Federal Reserve Bank of Richmond President Jeffrey Lacker said he opposes a proposal to tie central bank stimulus to the U.S. unemployment rate because such a move may spur inflation.
“Crisp numerical thresholds may work well in the classroom models used to illustrate policy principles, but one or two economic statistics do not always capture the rich array of policy-relevant information about the state of the economy,” Lacker said today in remarks prepared for a speech in New York.
Lacker’s comments highlight the challenge to Fed officials as they try to find a consensus on new ways to provide a forecast for monetary policy. Measures such as inflation and the unemployment rate could augment or replace the Fed’s current commitment to keep the main interest rate near zero through at least mid-2015.
Policy makers “generally favored” an approach linking the duration of record-low interest rates to “economic variables,” according to minutes of their Oct. 23-24 meeting released last week. Four Fed policy makers have backed this plan, which was first proposed by Chicago Fed President Charles Evans last year.
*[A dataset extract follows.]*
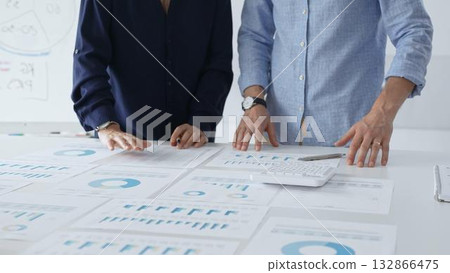 Focused business professionals analyzing financial charts and graphs, discussing market trends and investment strategies while leaning over white desk surface. Focused business professionals analyzing financial charts and graphs, discussing market trends and investment strategies while leaning over white desk surface. 132866475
“This approach would place great weight on a single indicator of labor market conditions, one that can easily lead you astray,” Lacker said at the Shadow Open Market Committee Symposium. The panel is a group of independent economists who meet to evaluate the Fed’s policy choices.
“This risk seems particularly germane now,” he said, given “the difficulty of disentangling the trend and cyclical components” of a decline in participation in the labor force.
The Richmond Fed chief said Congress may need to constrain Fed credit policy should the central bank not set such limits itself.
“If the Federal Reserve cannot limit credit policy of its own accord, legislation may be the best option,” he said. “And the restraint of credit policy would not be complete unless limits on reserve bank lending are complemented by limits on the Fed’s ability to buy private sector assets.”
Lacker was the only policy maker to cast a dissenting vote at the Federal Open Market Committee’s Oct. 23-24 meeting in which officials maintained $40 billion in monthly purchases of mortgage-backed securities and affirmed their zero-interest-rate forecast. He has dissented from every FOMC decision this year.
There is “ample room for skepticism about the effect of the Fed’s asset purchases,” Lacker said, adding the movement of Treasury yields around the time of policy announcements has been “ambiguous.”